Bitmap Bureau's "88 Heroes" for the PS4 is the epitome of 80's geek culture done up in retro gaming fashion. Through deviously difficult gameplay, action packed 2D platforming levels, and 88 playable heroic misfits you'll see various hints of 80's entertainment culture scattered about in pixel form. Character designs included in the generational mash-up mock everything from 80's action and horror movie icons to video game characters from the 8bit era, and even computer references that only geeks will get, among other things. All of which is implemented in a unique theatrical way seen through the televised spy monitor, and commentary inclusive perspective of the game's main villain, "H8". A display in which you control, and use each of the randomly placed 88 heroes as well as their abilities, or lack thereof.
As far as objectives go you have a set time of 88 minutes to get through 88 levels, and stop H8 from doing his devilish deed. There are all sorts of enemies, and environmental hazards to face as you play through one of the games three modes. Those modes being the standard "88 heroes" inclusive playthrough, and two unlockable modes where you tackle the same obstacles with only one (Solo) to eight (Magnificent 8) heroes that are personally selected by you. While the levels themselves aren't randomly generated you will find in the base, and eight character modes that the heroes themselves provide that rogue-like element of surprise. It's an experience that will have you laughing at the ridiculousness of it all as well as crying when you realize how hard it is to beat.
During my playthrough which included a near completion of the "88 Heroes" mode, and the "Magnificent 8" mode I took note of the character bios that appear in the form of textual pop-up windows as well as the voice acted character specific dialogue. It was a treat going back down memory lane trying to figure out what each hero was a parody of. Some were more obvious than others while there were a handful that were a mixture of various pop-culture references of the same sort. If you were a child of the 80's or perhaps even a teen back then you'll no doubt find yourself reminiscing about those days of old as you play. I personally liked the humor that Bitmap Bureau implemented. It could be considered slapstick, or even a tongue-in-cheek style comedy, but it made me laugh out loud despite me dying numerous times over things I know I could have avoided if only I were a little more careful.

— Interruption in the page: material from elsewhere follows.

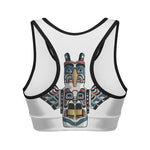 Native American Eagle Totem Print Women's Sports Bra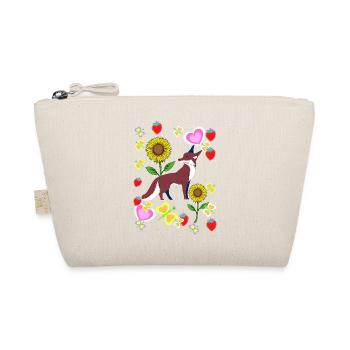 80s Retro Fox Foxes Kids Child Summer - Organic Pouch - nature - Front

The level design throughout the game's entirety is a virtual work of genius. The levels, in particular are brilliantly made, and are a proper homage to those challenging Metroidvania style 2D platformers of the past. They usually provide multiple paths to an end exit with the purpose of keeping you guessing as to which direction is the best approach. Of course you also have to factor in your current heroes wacky ability, or lack thereof as you attempt to make progress. Sometimes these abilities will get you to the end quicker, and sometimes they'll slow progress indefinitely. It's something, as the PR said, that is both fun to watch and fun to experience first hand.

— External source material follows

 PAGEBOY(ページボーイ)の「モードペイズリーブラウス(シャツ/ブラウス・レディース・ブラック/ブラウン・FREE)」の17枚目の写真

Without spoiling too much more I will say that at this point this is definitely a game I'd recommend. At the $14.99 price for the digital edition, and the $19.99 price for the physical edition which includes some extra in-game content it's not a bad buy at all. With that being said though this is a preview article, and supposing it has caught your attention you might want to stay tuned on the release date in March for my full review, and detailed breakdown of the game. Until then don't forget about what I said regarding, "88 Heroes"! Later Dudes & Dudettes!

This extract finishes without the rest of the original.